Now what makes this situation all the more interesting is that it comes almost immediately after another evident fiasco involving the Naperville City Council’s ill-advised approval and implementation of the new emergency radio system. Many firefighters and police officers along with a good number of Naperville citizens including Naperville citizen Bill Eagan strongly feel the communication system is littered with fatal flaws.

City Manager Doug Krieger agreed with Eagan that the communication system “is currently not operating at an acceptable level. The safety of our public safety personnel is paramount.” So if ‘safety’ is ‘paramount’ then why was this system implemented and why is the Naperville City Council moving forward albeit in small steps with the Smart Grid initiative since there are health concerns with the project’s technology. Watch and listen to the words of Naperville citizen Jennifer Stahl when she presents the Naperville City Council and City Attorney with an interesting question regarding the Smart Grid project.

Did you notice the deafening sound of silence from the Naperville City Council and City Attorney at the end of her question, or at least the sound of no response to her query?

Getting back to the Emergency Radio System that the Naperville City Council supported and approved, consider the following perceptible fatal flaws: frequent loss of contact with first responders based on ‘dead spots’ within city limits, incoherent transmissions with the digital system and how voices are interpreted, interference with other emergency equipment within the vehicles including sirens and lights and the inability to maintain all-important contact when buildings are entered.

No wonder Naperville citizens have trust issues with the ability of their local leadership in the Naperville City Council to exercise good judgment and critical thinking when it comes to their decision-making skills and talent. Watch and listen to Naperville citizen Lisa Rooney when she accurately and respectfully addresses the Naperville City Council.

If you still have doubts as to whether or not Naperville City Council members use sound and time-tested wisdom, watch and listen to the words of Councilman Bob Fieseler when he loosely considers the comparison the wireless technology of garage door openers with the Smart Grid.

Now that thought process and wisdom might apply if and when the Naperville City Council requires and pays millions of our tax dollars for the installation of garage door openers, but to try to pass that sideways logic off to an enlightened Naperville citizenry is demeaning to the intelligence of our community.

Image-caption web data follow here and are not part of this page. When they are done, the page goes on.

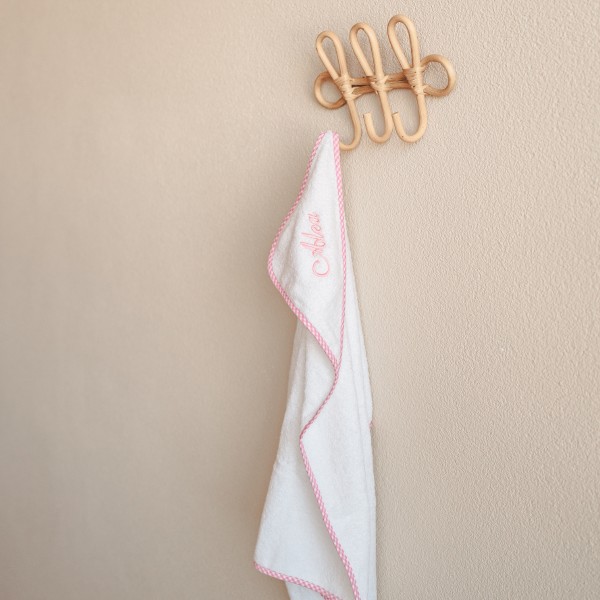 Linge ࠠ capuche, rose Gingham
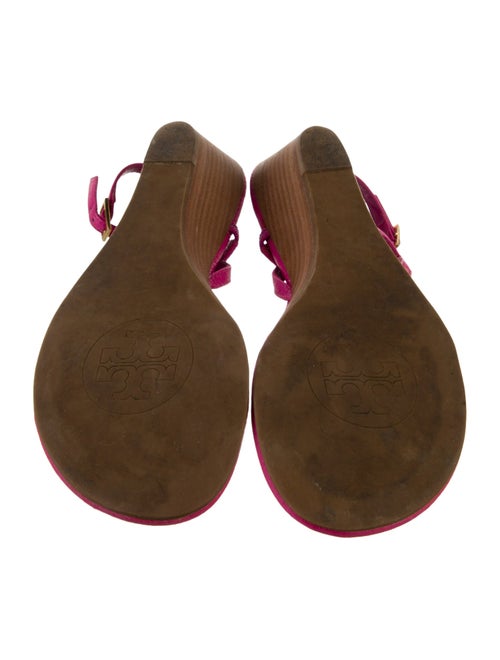 Tory Burch Leather T-Strap Sandals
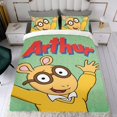 thumbnail image 4 of Arthur Conjunto de sábanas temático, trío de piezas, cómodo y amigable con la piel, diseño único, regalo de decoración para el hogar para familiares, amigos y fans,135cm *200cm, 4 of 6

The Emergency Radio System fiasco is a $20 million debacle, followed by millions of tax-payer dollars for the Smart Grid and now, and according to Naperville Finance Director Karen DeAngelis, Naperville is projected to have a general fund deficit of $13.7 million in 2013, $16.8 million in 2014, $19.4 million in 2015, and topping out at $25.9 million in 2016; and part of the Naperville  City Council’s answer to addressing the budget deficit  is to layoff 4 police officers while millions are spent on projects that are flawed or not fully researched.

If it sounds like the Naperville City Council is out of control, then the record is being set straight.